Foreign Secretary Jeremy Hunt is largely focused on Brexit, but has scored some diplomatic runs by taking a more robust stance on the treatment of the Muslim Rohingyas in Myanmar, also known as Burma. and Iran’s detention of the British-Iranian dual national, Nazanin Zaghari-Ratcliffe.

He is also adopting a new focus on defending media freedom and protecting Christians from persecution. But Mr Hunt’s big idea is that Britain can become what he calls “an invisible chain” linking the world’s democracies.

The UK, he hopes, can set itself up as a defender of liberty, the rule of law, and civil and political rights against the growing threat from authoritarian regimes.

Jeremy Hunt
Foreign Secretary Jeremy Hunt sees the UK as an “invisible chain” linking the world’s democracies

Many of these ideas are worthy of examination.

Yet, taken together, they appear to illustrate the lack of thinking about foreign policy since Britain voted to leave the EU in June 2016.

It is one thing to be in favour of democracy and values, it is another to say what this might mean in practice.

Take Ms Thornberry’s speech. In the question and answer session that followed, I asked if she thought China was a threat or an opportunity and whether the UK should ban the Chinese tech giant Huawei?

This was her reply: “I don’t know, in relation to China, is my honest answer. So I don’t think I am going to sit here and bullshit you, James.”

So on the great dilemma facing the Western world, Labour’s thinking is, shall we say, a work in progress.

Vague concept

Mr Seely’s pamphlet has the merit of depth.
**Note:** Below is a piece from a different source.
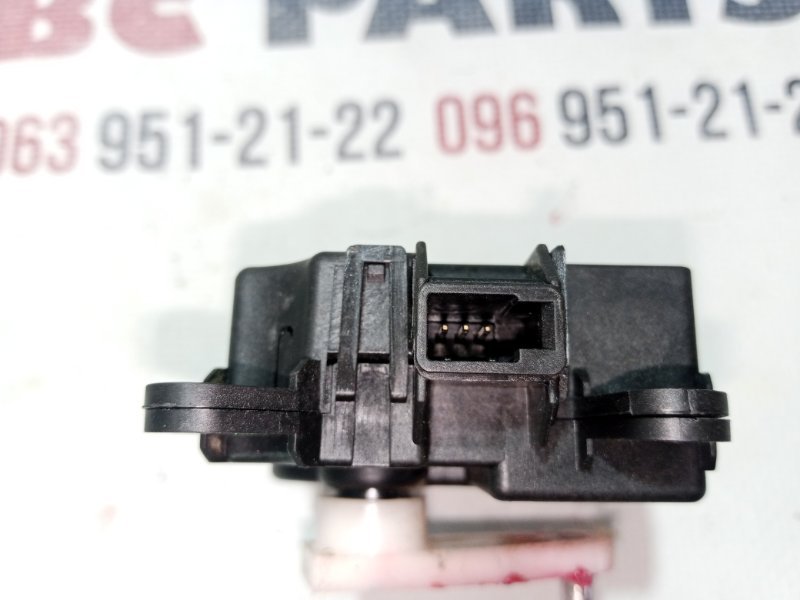 Сервопривод заслонок печки Rogue 2021 T33 2.5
But its focus is on institutional change: the merging of Whitehall departments, the setting up of strategy councils and spending audits and so on.

There were more questions than answers when it came to setting out what actual policy these new structures should promote.

And as for the foreign secretary’s big idea, of the “invisible chains” of democracy, this suffers from its very title.

Invisible policy is a vague concept, to say the least, and chains may not be a great image for a post-imperial power trying to find its place in the world.

In addition, his recommendations looked to institutional change: more British diplomats, reform of the United Nations and so on.

There are also some shared gaps here.

For decades our foreign policy has placed Britain as a bridge between the EU and the US. But few analyses are clear about what Britain’s relationship with Europe and America should be in the future. There is little thinking about the demographic explosion taking place in Africa.

But the crucial point is that too much of this thinking seems to ignore first principles.

Before we can decide Britain’s place in the world, perhaps we need first to debate what Britain itself should be in the 21st Century? What kind of politics do we want to have?

The 19th Century prime minister and statesman, William Gladstone, said that his first principle of foreign policy was “good government at home”.

And he was right: countries with a strong sense of national identity, a healthy economy and a stable political leadership with a clear agenda tend to have good foreign policies. At the moment, I am not sure Britain quite lives up to that ideal.

So, before we start talking about Whitehall reform, leveraging our aid budget, spending more on defence, reforming the Commonwealth, copying Singapore or Japan or any of these other ideas, perhaps we need to work out first how we see ourselves as a nation.

Maybe diplomacy, and not just charity, should begin at home?